TITLE:
Dynamic Conditional Feature Screening: A High-Dimensional Feature Selection Method Based on Mutual Information and Regression Error
AUTHORS:
Yi Zhao, Guangming Deng
KEYWORDS:
High-Dimensional Feature Screening, Conditional Mutual Information, Regression Error Difference, Dynamic Weighting, Dynamic Thresholding, Macroeconomic Forecasting, FRED-MD Dataset
JOURNAL NAME:
Open Journal of Statistics,
Vol.15 No.2,
April
22,
2025
ABSTRACT: Current high-dimensional feature screening methods still face significant challenges in handling mixed linear and nonlinear relationships, controlling redundant information, and improving model robustness. In this study, we propose a Dynamic Conditional Feature Screening (DCFS) method tailored for high-dimensional economic forecasting tasks. Our goal is to accurately identify key variables, enhance predictive performance, and provide both theoretical foundations and practical tools for macroeconomic modeling. The DCFS method constructs a comprehensive test statistic by integrating conditional mutual information with conditional regression error differences. By introducing a dynamic weighting mechanism, DCFS adaptively balances the linear and nonlinear contributions of features during the screening process. In addition, a dynamic thresholding mechanism is designed to effectively control the false discovery rate (FDR), thereby improving the stability and reliability of the screening results. On the theoretical front, we rigorously prove that the proposed method satisfies the sure screening property and rank consistency, ensuring accurate identification of the truly important feature set in high-dimensional settings. Simulation results demonstrate that under purely linear, purely nonlinear, and mixed dependency structures, DCFS consistently outperforms classical screening methods such as SIS, CSIS, and IG-SIS in terms of true positive rate (TPR), false discovery rate (FDR), and rank correlation.
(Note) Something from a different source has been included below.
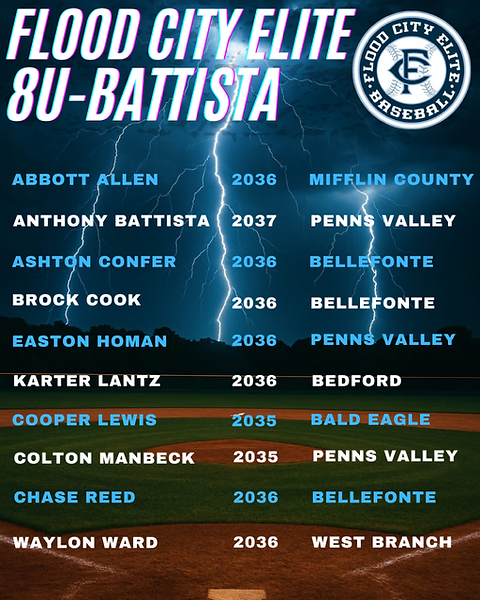 Modern Red, White and Black Football Starting Line Up Instagram Post (1).PNG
These results highlight the superior accuracy, robustness, and stability of our method. Furthermore, an empirical analysis based on the U.S. FRED-MD macroeconomic dataset confirms the practical value of DCFS in real-world forecasting tasks. The experimental results show that DCFS achieves lower prediction errors (RMSE and MAE) and higher R2 values in forecasting GDP growth. The selected key variables—including the Industrial Production Index (IP), Federal Funds Rate, Consumer Price Index (CPI), and Money Supply (M2)—possess clear economic interpretability, offering reliable support for economic forecasting and policy formulation.